La presencia de Bolívar es permanente entre nosotros. Una prolongación merecida, si consideramos el trabajo que realizó para lograr la independencia política del territorio, y también sus campañas triunfales hasta las cumbres del Perú para hacer del antiguo imperio español un mapa de prometedoras repúblicas. Una hazaña de semejante envergadura lo ubica en lugar especial dentro de la memoria popular, en el centro y en los rincones de la sensibilidad colectiva. Pero debemos considerar esa inmortalidad desde otra perspectiva. Que conmemoremos su muerte resulta extraño, porque, según se ha propalado en forma tendenciosa desde los inicios de nuestra autonomía republicana, no desapareció en 1830 debido a la magnitud de sus hazañas y a la deuda colosal que no le hemos pagado.
Ese aspecto de su perenne presencia nos debe preocupar. No solo nos acompaña por lo que hizo, sino también por la manipulación de los políticos de la posteridad que se encargaron de presentarlo como compañero de sus viajes, como inspirador de sus negocios y como soporte de sus planes de dominación. Así topamos con el Bolívar de Páez, quien quiso traer sus restos desde Santa Marta para que la gente de su tiempo considerara que ahora montaba las caballerías del Centauro de los Llanos y hablaba con el presidente de turno en La Viñeta. Después con el Bolívar de Guzmán, quien le hizo un panteón monumental para decir desde su tribuna que obedecía su mandato mientras hacía lo que le venía en gana con Venezuela porque escuchaba sus consejos como si fuera parte de la familia. Más tarde con el Bolívar de Gómez, quien también quiso anunciarlo como inspiración de su hegemonía mientras torturaba a sus adversarios y metía la mano en el erario.

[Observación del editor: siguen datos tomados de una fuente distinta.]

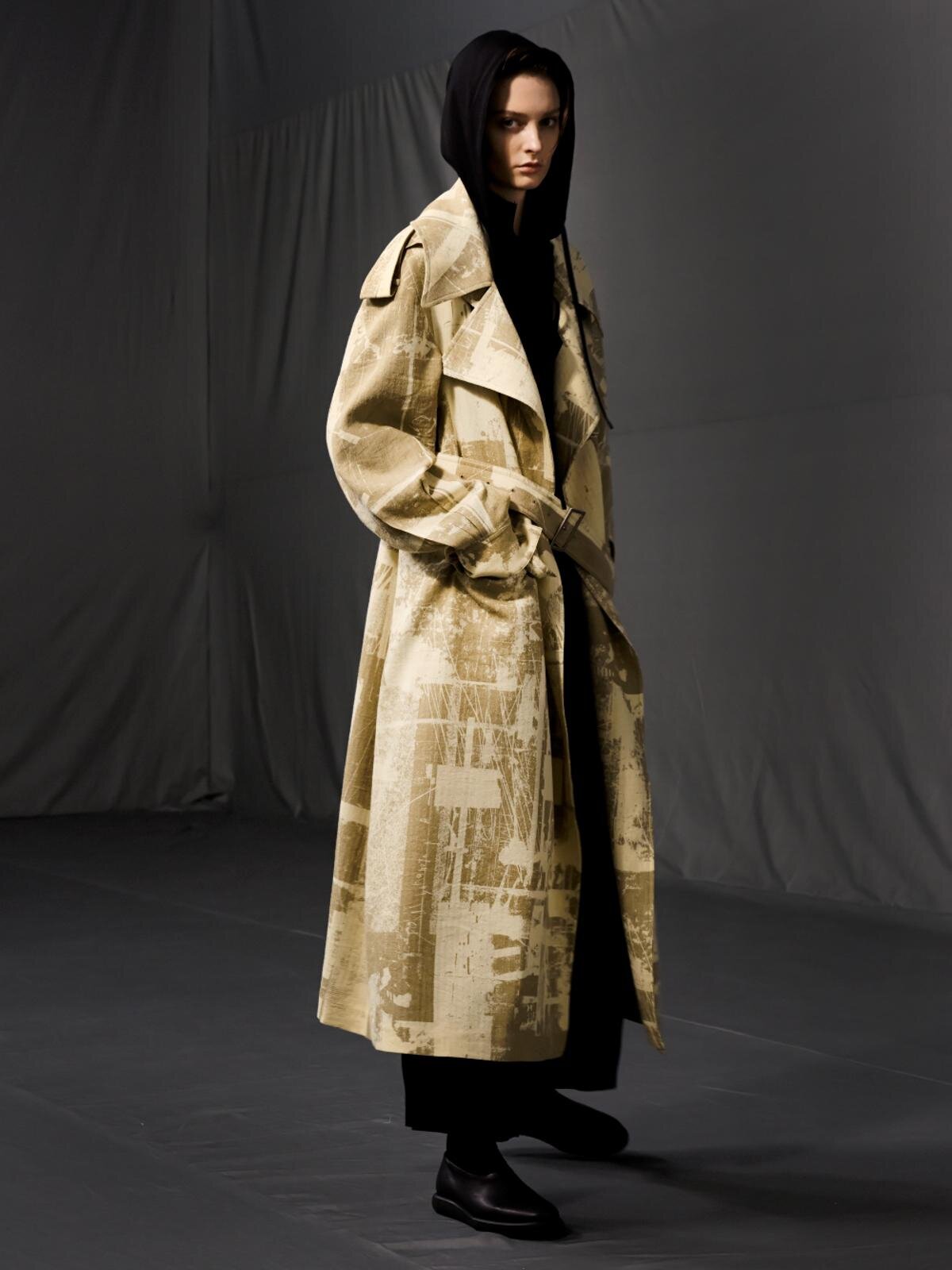 Y's 2026-27年秋冬コレクション - 身体を包み込み、守るための衣服｜写真44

Su resurrección más reciente fue oficiada por el teniente coronel Hugo Chávez, quien no solo lo puso a gritar en sus mítines y a acompañarlo en las reuniones de su militarada, sino que, por si fuera poco, también bautizó con su nombre a la república. El comandante se presentó como su continuador y como su albacea, para proclamarse como conclusión de una obra iniciada por el prócer en el siglo XIX que él llevaría hasta el dorado clímax. Y en esas andamos, con el padre de la patria en las reuniones del PSUV y también, por desdicha, en el centro de la cueva de ladrones cavada por la “revolución” y en los vocablos vacíos de los politiqueros rojos rojitos que han acompañado al fundador de la nueva iglesia patriótica de los siglos XX y XXI.
Pero, desde luego, mintieron Páez, Guzmán, Gómez y Chávez al decir que el grande hombre salió de su tumba para acompañarlos en sus asuntos y en sus tropelías. Los individuos son prisioneros de su tiempo, pese a la manipulación y a la pretensión de quienes pretenden que tales ataduras desaparezcan porque les conviene, porque quieren hacer parejería con el personaje más famoso de todos los venezolanos tiempos. En realidad, el mayor servicio que podemos hacerle a la república que salió de las guerras de independencia consiste en asumirnos como protagonistas de una historia diversa y peculiar, es decir, en dejar enterrados a los difuntos que la fueron haciendo poco a poco, en especial a quien juzgamos como padre inmaculado. Ya falleció, por si no lo sabían, respetados lectores, y la actualidad es exclusivamente nuestra.